So here it is - the fixture with LEDs glued, holes drilled, and wires run through the holes. Tonight I will solder and hopefully be able to shine the fixture into the night sky. Watch for the beam of light. I will be writing "Sunday, 1PM, McKinney" in the night sky.


----------



## niko (Jan 28, 2004)

It works!

Below is a picture of the thing. Apparently the camera does not like the weird light as you can see.









The fixture does dim just fine. There are 2 groups of LEDs that can be dimmed separately. Group 1 is 8 Neutral White LEDs. This light is ok but it is not crisp by itself. Group 2 is 4 Cool White + 4 Royal Blue. This light is way too blue by itself.

Running both groups together at maximum intensity gives a very strong and crisp looking light. TropTrea didn't lie to me after all... I was preoccupied with the question why didn't we add red LEDs but I see now it is not needed. At least as far as color is concerned. PAR and what the plants will say is another story.

On the picture above you can see a single LED with a lens. The lens is 40 degrees. The fixture is meant to hang about 10 inches above a 30 gallon tank so TropTrea suggested 40 degree lenses.
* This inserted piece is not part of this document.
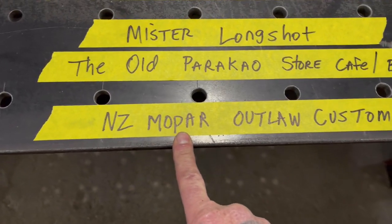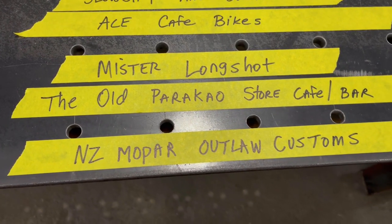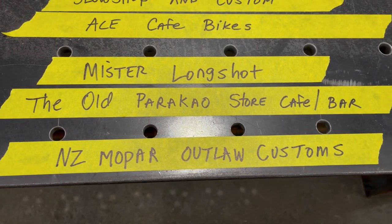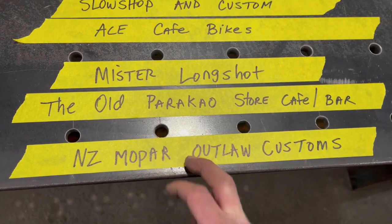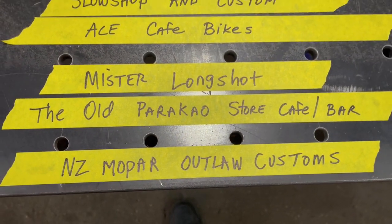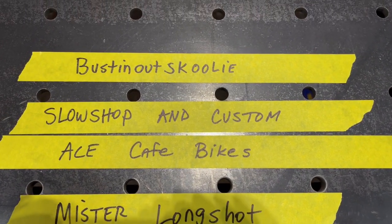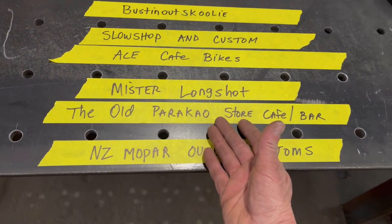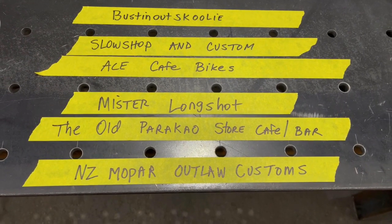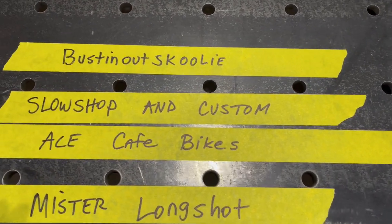Please check out our other channel, NZ Mopar Outlaw Customs. This is Glenn Ridd and he is in New Zealand doing that 1925 Studebaker project. Go sub his channel — we're trying to get him up to 1,000 subs so he can get monetized. If you guys can go check these channels out, I'd really appreciate it. Please get up off your asses, get away from the TV, pick up your phone and sub these channels from your phone. That's the only way — I have like 85% of my people watching our channel and not even subbed. You guys don't realize it's free to sub, but you don't realize how much it helps out a guy's channel. So go check them out.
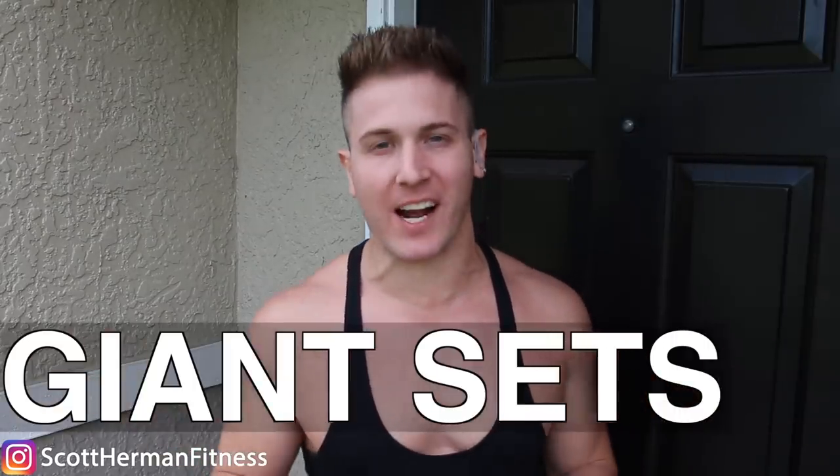What's going on nation? I'm Scott from MuscularStrength.com and in today's workout I'm coming back at you with another giant sets workout, but this time it's going to be for chest.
You can tell how much the light spills without the lenses.

The LEDs make super bright light. Not a good idea to look straight into them. I didn't like even looking near by. Without the lenses the thing is somewhat impractical because of the spilled strong light.
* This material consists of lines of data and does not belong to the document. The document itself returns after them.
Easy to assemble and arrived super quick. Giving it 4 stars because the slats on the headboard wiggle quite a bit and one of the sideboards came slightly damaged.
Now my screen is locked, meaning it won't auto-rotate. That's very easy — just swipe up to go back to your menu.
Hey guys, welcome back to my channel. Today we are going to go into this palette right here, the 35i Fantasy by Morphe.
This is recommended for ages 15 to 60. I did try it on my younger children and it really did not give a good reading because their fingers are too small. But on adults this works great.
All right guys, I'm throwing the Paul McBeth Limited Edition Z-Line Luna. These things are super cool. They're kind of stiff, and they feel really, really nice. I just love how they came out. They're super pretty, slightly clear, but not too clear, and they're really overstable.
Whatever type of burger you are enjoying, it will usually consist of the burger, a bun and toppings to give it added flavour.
The soldering was very easy. Except I didn't realize that you can easily short the circuit if you are not very careful soldering exactly over the little copper colored pads that the LEDs have. Thank goodness the kit comes with a little tester that you use to figure out if you have dead LEDs and if you shorted the circuits somewhere. I got lucky and I had only one LED shorted - the tin had spilled over the aluminum base of the LED and despite my efforts to clean it I had to cut a small piece out of the LED base. That fixed the problem. Ugly but hey, it works just fine and it is a tiny defect.

Building this thing is indeed easy. I had never soldered in my life. I don't have a clue about electrical circuits.
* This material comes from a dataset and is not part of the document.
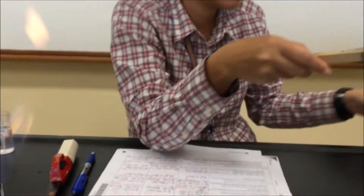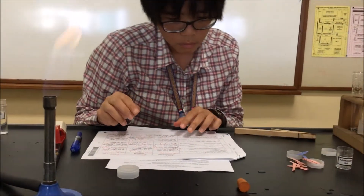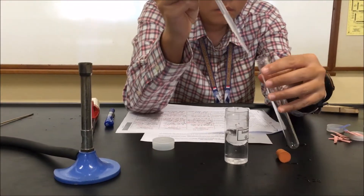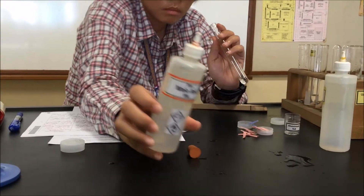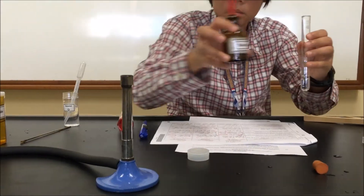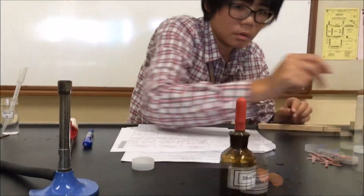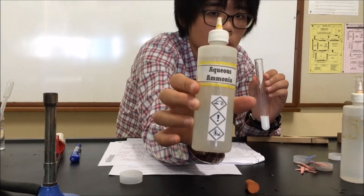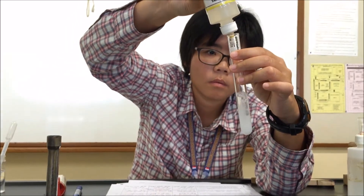Moving on to Part C: one cubic centimeter of Q in a test tube, followed by one cubic centimeter of nitric acid, then silver nitrate — we are again testing for the chloride ion. We are on the lookout for a white precipitate, which we do get — a positive test. For the excess ammonia step, the white precipitate is soluble in excess ammonia, confirming the result.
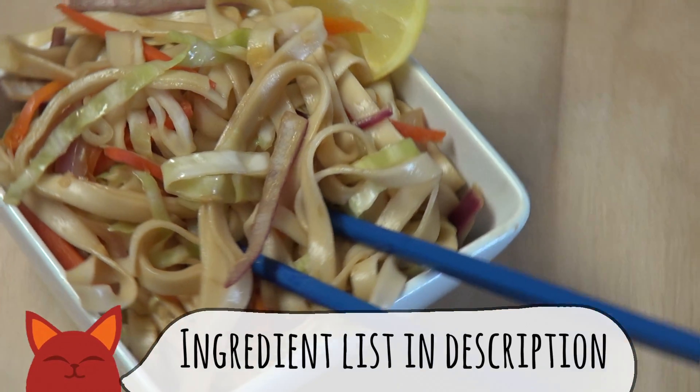Hey everyone, welcome to Saucy Cat. My name's Zoe and shocking absolutely no one, it's time for another noodle dish. Lo meins have always been one of my favorites and today I'm going to zest it up. That's right, it's time for a lemon-lime lo mein. Let's get into it.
The only thing that I can find "wrong" right off the bat is the price. I have a favorite expression "Look what I can do with money!" - mocking TV shows showing how to turn a dumpy house into a $500K property. This LED build felt a bit like that. It was not hard but I guess that's what $250 buys you. At the meeting we will compare it to other options - both PAR and prices.

Tomorrow I hope to have time to glue all the lenses in place and the fixture will be ready to go. From what I saw already not all lenses fit perfectly over the LEDs. It seems that that is the only actual problem that I found with the materials.


----------



## niko (Jan 28, 2004)

So how do I find out where the monthly meetings are?

I looked over the club sub forum here and I can't find any information how to get the address for the meeting. If I was new I'd have no idea.

Is it through Facebook?


----------



## Tugg (Jul 28, 2013)

Alex sent an email out. I doubt you yourself will have a problem finding where to go this month 

As for other members, If someone didn't get the email, I would advice them to PM me or another board member and we'll pass on the address.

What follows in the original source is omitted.